Die Manifestationen, die am Freitag vor einer Woche begannen, hatten zunächst etwas Festliches an sich – wenn sie dann auch blutig ausgingen. Eine Woche später, am vergangenen Freitag, war alles anders.
Jetzt platzierten die Demonstranten riesige Mengen Autoreifen nahe der Grenzabsperrung und zündeten sie an. Der Rauch sollte die Sicht der israelischen Scharfschützen behindern und das Tränengas unwirksam machen. Dass diesmal mehr Kampfes- als Feststimmung herrschte, lag an der hohen Zahl der Toten, die die Manifestation vor einer Woche gekostet hatte. Damals sollen 20 Menschen ums Leben gekommen sein; jetzt starben erneut mindestens neun Palästinenser, unter ihnen ein 16-jähriges Mädchen und ein palästinensischer Journalist. Die Zahl der Verwundeten wurde mit 300 angegeben.
Weniger Demonstranten
Die israelische Armee ging gleich vor wie vor einer Woche. Ihr Auftrag war: scharf schiessen, wenn Gefahr besteht, dass die Grenzposten angegriffen und die Absperrungen durchbrochen werden. Dies soll, nach israelischen Angaben, „mehrmals“ versucht worden sein. Vor einer Woche hatten etwa 30’000 bis 40’000 Palästinenser demonstriert; diesmal waren es vermutlich etwa 20’000.
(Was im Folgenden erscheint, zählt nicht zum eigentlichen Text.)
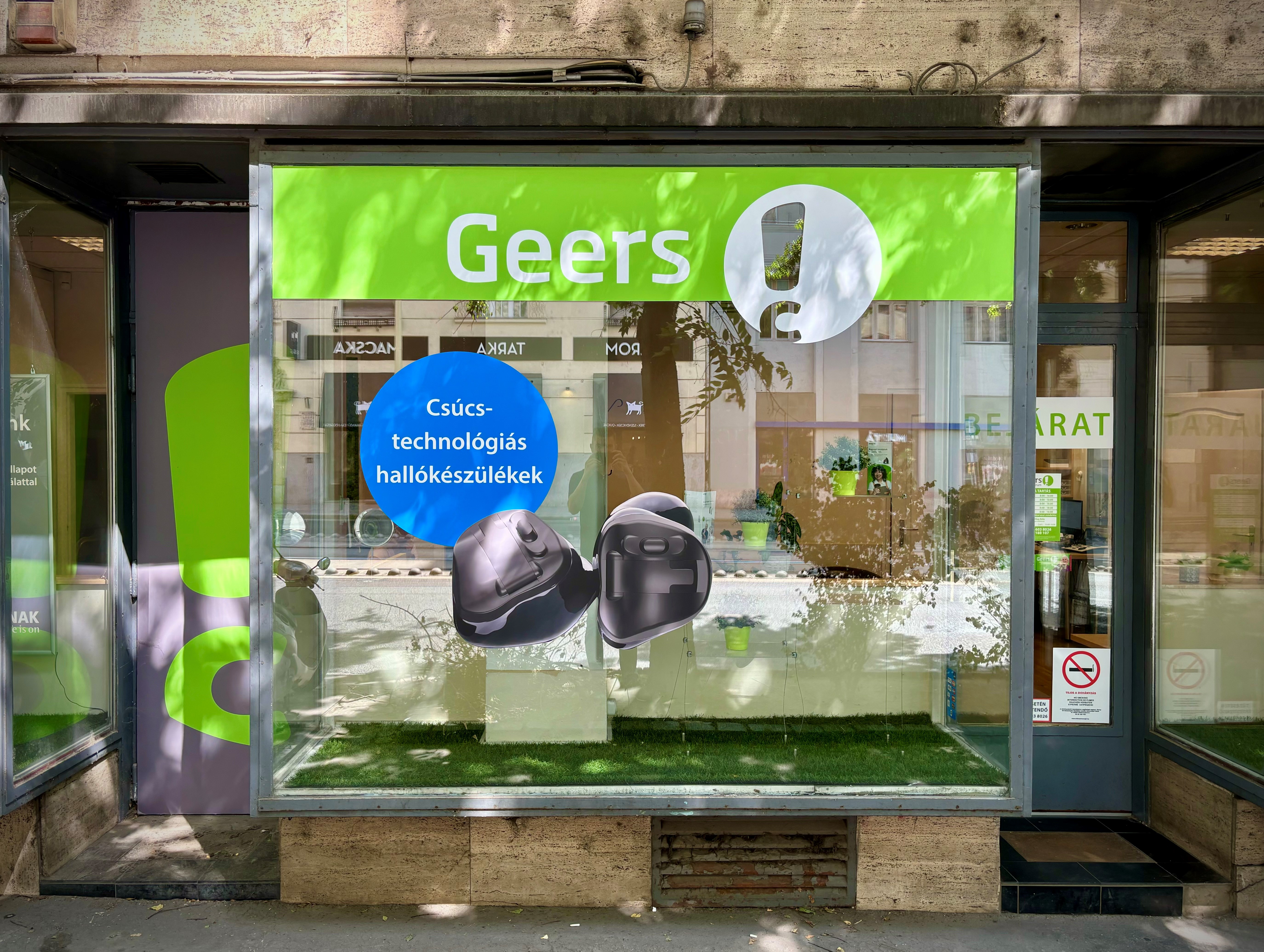 Images Geers Halláscentrum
Viel hängt jetzt davon ab, ob die Demonstranten, wie angekündigt, ihre Proteste bis zum 15. Mai durchsetzen können. Gelänge ihnen das, käme es wohl an fünf weiteren Freitagen zu Zusammenstössen. Vorgesehen war, dass die Mobilisierung dazu führt, dass die Zahl der Demonstranten ständig anwächst.
Dauermobilisierung?
Ursprünglich wollten die Demonstranten nicht nur „an jedem Freitag“ demonstrieren. Sie sprachen von einer Dauermobilisierung, bei der bis Mitte Mai an der Grenze Zeltlager aufgeschlagen werden sollten. Dass jetzt die Freitage in den Vordergrund gerückt sind, liegt daran, dass dieser Wochentag in jüngster Zeit den Muslimen in der arabischen Welt immer wieder als Demonstrationstag diente.
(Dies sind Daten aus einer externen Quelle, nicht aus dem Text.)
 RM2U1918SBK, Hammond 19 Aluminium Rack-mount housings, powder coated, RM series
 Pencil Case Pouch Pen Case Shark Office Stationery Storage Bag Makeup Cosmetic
Nach dem Freitagsgebet kam es da und dort immer wieder zu Massendemonstrationen. Geplant waren in Gaza dauerhafte Grossdemonstrationen, wie etwa damals auf dem Tahrir-Platz in Kairo. Die jetzigen Manifestationen erinnern aber eher an die Aktionen in Syrien, die vor der Militarisierung des Aufstandes gegen Asad im Frühjahr 2011 stattgefunden hatten. Auch sie fanden, trotzt rücksichtlosem Eingreifen des Regimes, an jedem Freitag statt.
Gegen Hamas
Schon am Freitag vor einer Woche hatte ein Sprecher der israelischen Armee gewarnt, die Armee gedenke nicht, mit den Demonstranten „Pingpong“ zu spielen. Er drohte, gegen die Urheber der Aktion direkt vorzugehen. Als solche haben die Israeli die Hamas ausgemacht – ob zu recht oder zu unrecht bleibe dahingestellt.
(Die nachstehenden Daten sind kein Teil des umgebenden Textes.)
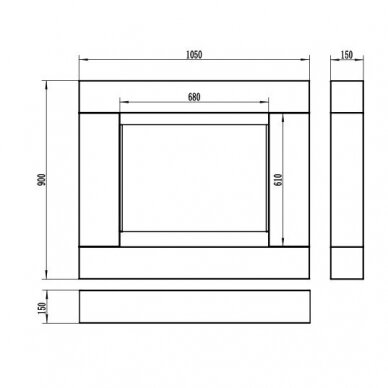 BIOHEAT ASNE free standing bioethanol fireplace 4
Gingen die Israeli direkt gegen Hamas vor, würde das bedeuten, dass israelische Soldaten in den Gaza-Streifen eindringen würden. Dann ginge man von einer blutigen Defensivtaktiv zu einer noch blutigeren Offensivtaktiv über. Im Moment sieht es noch nicht danach aus, dass es so weit kommt.
Die Israeli hoffen, dass ihre Defensivtaktiv die Demonstrationen allmählich abklingen lässt. Doch sollte die Zahl der Demonstranten jeden Freitag weiter wachsen, wird auch die Gefahr einer gefährlichen Eskalation steigen.